◆ Exercise brief ◆
Among the records below, find the line with "One-way Shuttle Transfer: Nazca" and the line with "cell culturing thailand". Set down both and every line between, exactly and with no pictures, but nothing else.

◆ Entries supplied ◆
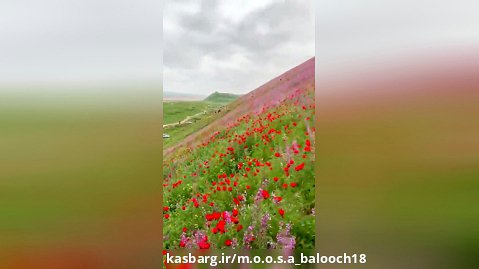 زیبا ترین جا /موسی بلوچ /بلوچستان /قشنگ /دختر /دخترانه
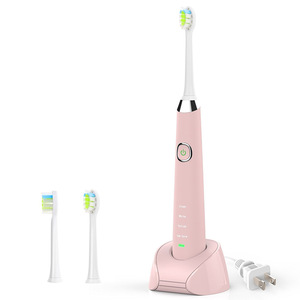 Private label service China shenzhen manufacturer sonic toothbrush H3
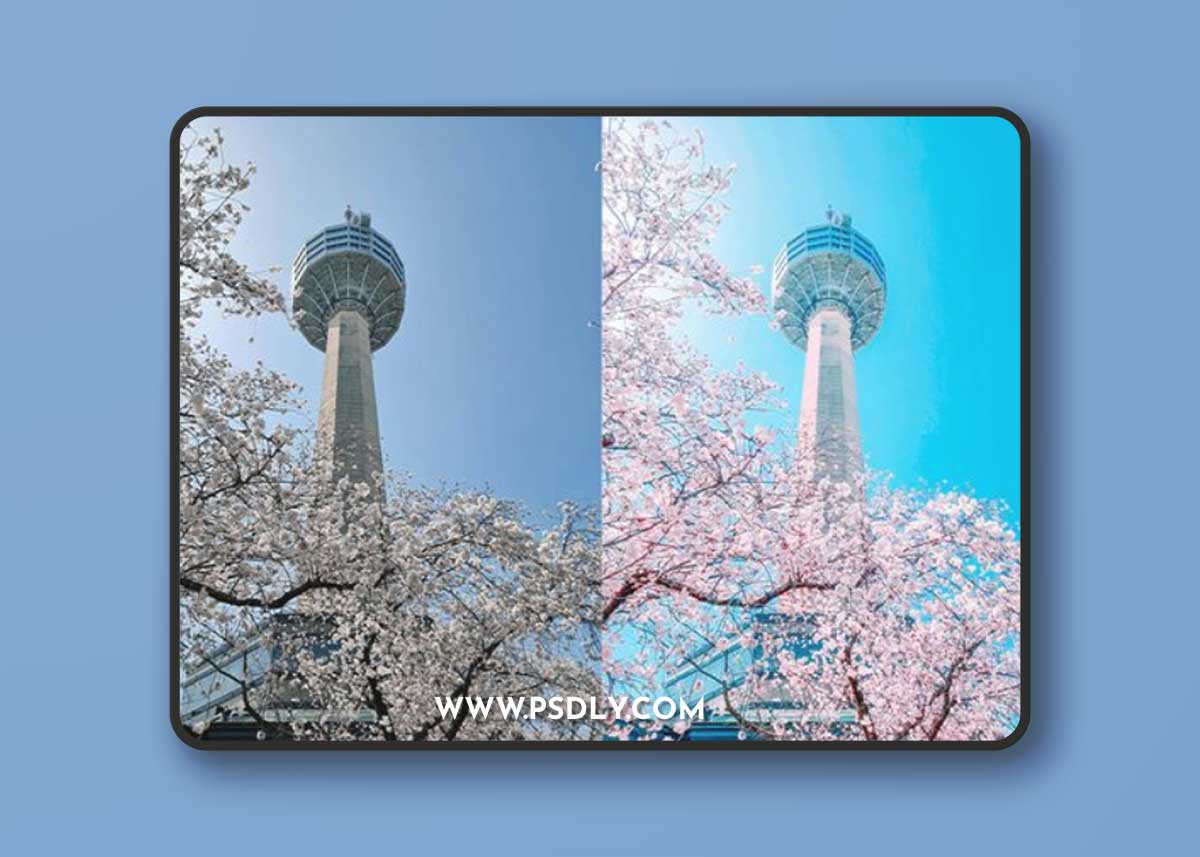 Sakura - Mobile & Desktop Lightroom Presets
...
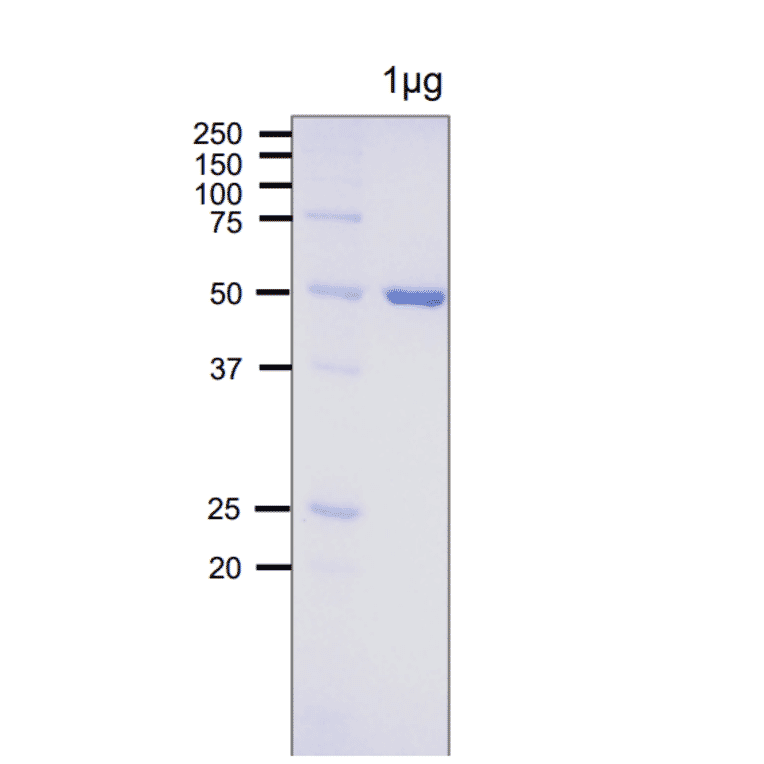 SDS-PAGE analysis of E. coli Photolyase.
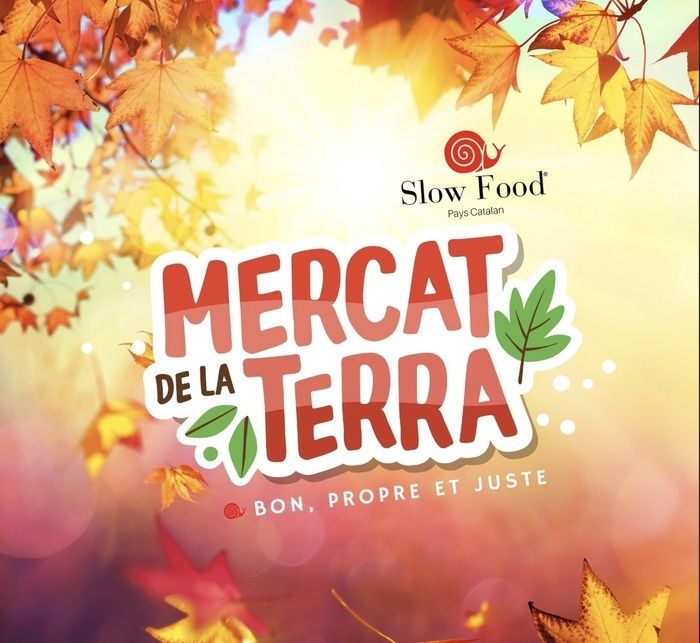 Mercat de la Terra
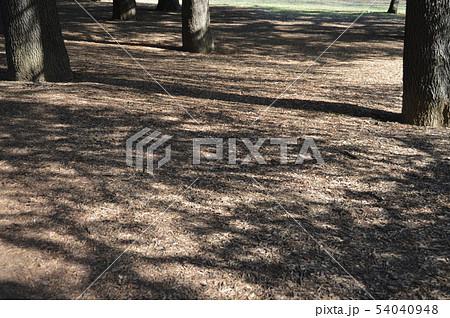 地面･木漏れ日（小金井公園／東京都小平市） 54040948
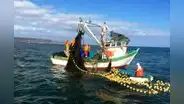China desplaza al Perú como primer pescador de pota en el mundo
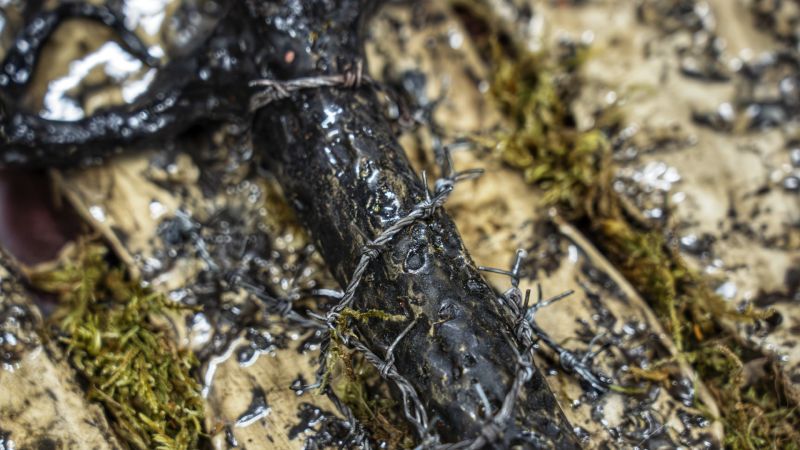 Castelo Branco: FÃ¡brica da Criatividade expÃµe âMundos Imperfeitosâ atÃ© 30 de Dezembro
...
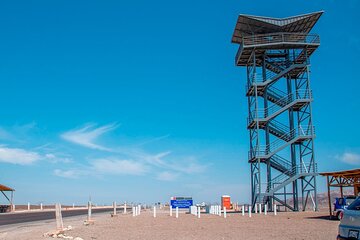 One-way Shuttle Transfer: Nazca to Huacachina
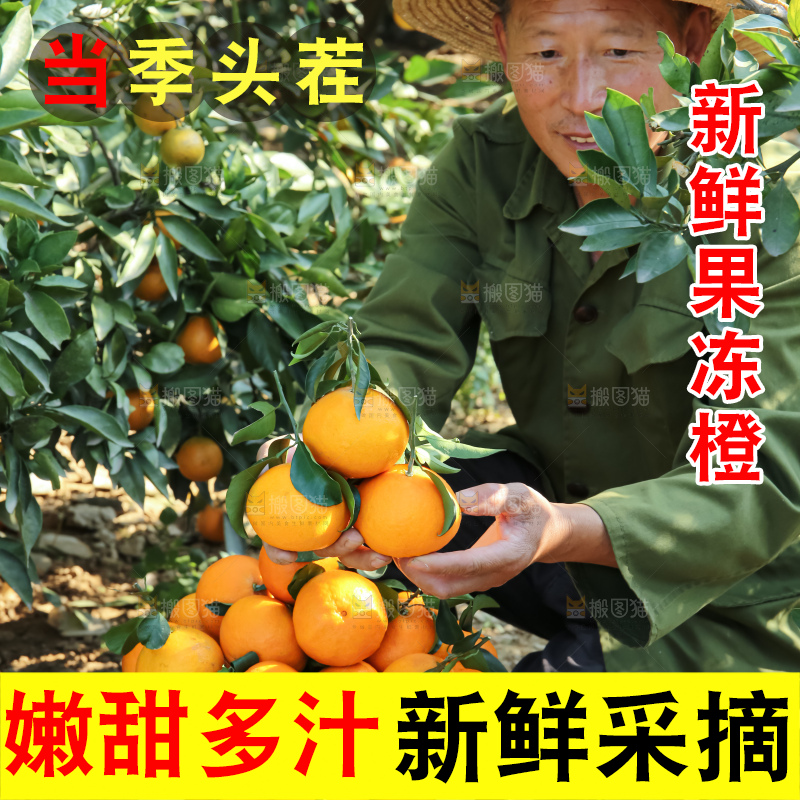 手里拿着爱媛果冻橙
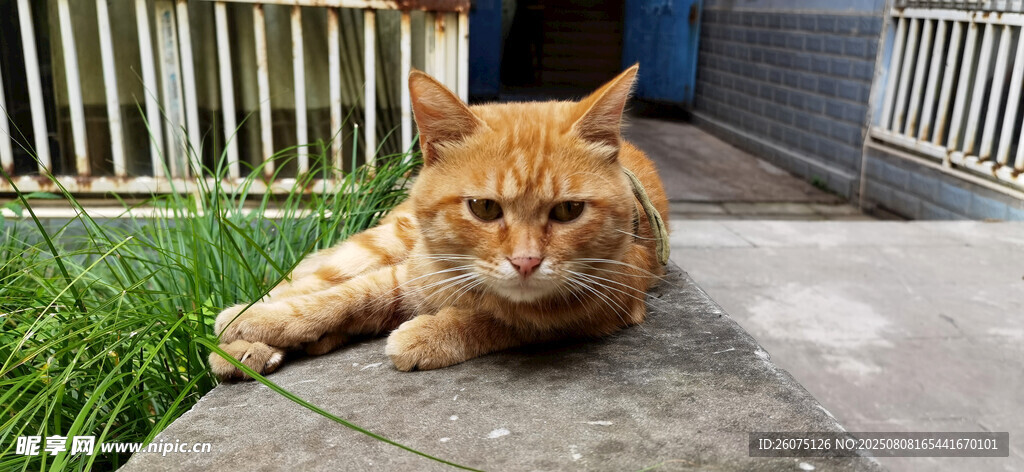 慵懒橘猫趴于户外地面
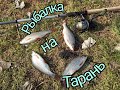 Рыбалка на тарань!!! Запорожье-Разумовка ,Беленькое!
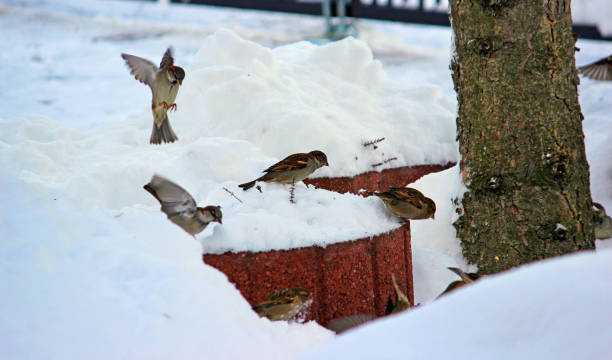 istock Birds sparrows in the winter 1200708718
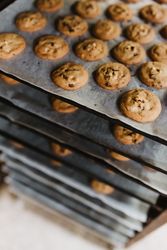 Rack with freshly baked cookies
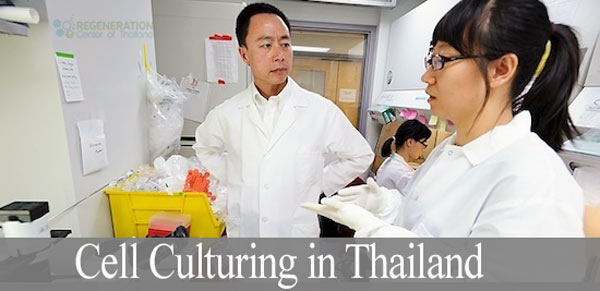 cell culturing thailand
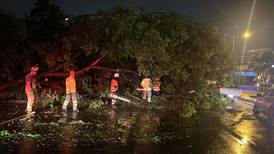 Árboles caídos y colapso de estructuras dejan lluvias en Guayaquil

◆ Response ◆
 One-way Shuttle Transfer: Nazca to Huacachina
 手里拿着爱媛果冻橙
 慵懒橘猫趴于户外地面
 Рыбалка на тарань!!! Запорожье-Разумовка ,Беленькое!
 istock Birds sparrows in the winter 1200708718
 Rack with freshly baked cookies
 cell culturing thailand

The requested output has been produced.